O corpo se plenifica na comunhão com outros corpos, com Deus e com o corpo da natureza. Nosso humilde corpo é parte da Criação inteira e nosso bem-estar faz sorrir a natureza.

Nosso corpo é pura relação. Nele ficam registradas todas as marcas de nossa vida, de nossa história.

A pele é a memória mais fiel de tudo o que nos acontece externamente.

O corpo é presença e linguagem – tudo nele fala: fala o rosto, falam os olhos, falam os movimentos e as posturas, falam os gestos, acompanhando, reforçando e expressando a intenção íntima.

É no corpo que o eu da pessoa historicamente se constitui em relação aos outro e às suas escolhas.

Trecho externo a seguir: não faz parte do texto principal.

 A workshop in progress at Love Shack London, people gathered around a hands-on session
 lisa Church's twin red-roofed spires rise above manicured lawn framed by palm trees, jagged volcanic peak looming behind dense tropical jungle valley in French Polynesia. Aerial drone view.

E a relacionalidade expressa pelo corpo não deve ser compreendida só em uma dimensão horizontal; essa se entrelaça com uma relacionalidade de tipo vertical que a fundamenta e a caracteriza em direção do Absoluto.

Texto bíblico: Jo 6,51-58

Na oração: Nosso corpo é tocado pela encarnação de Jesus. E lembre-se de que Deus conhece nossa estrutura. Ele sabe de que barro somos feitos.

Reze sua humanidade, seu corpo de homem ou mulher. Leve para sua oração os desafios do cotidiano, os imprevistos da vida.

Seja humano diante de Deus, deixe seu corpo falar a Deus.

Reze com seu corpo. E agradecido bendiga sempre o Senhor.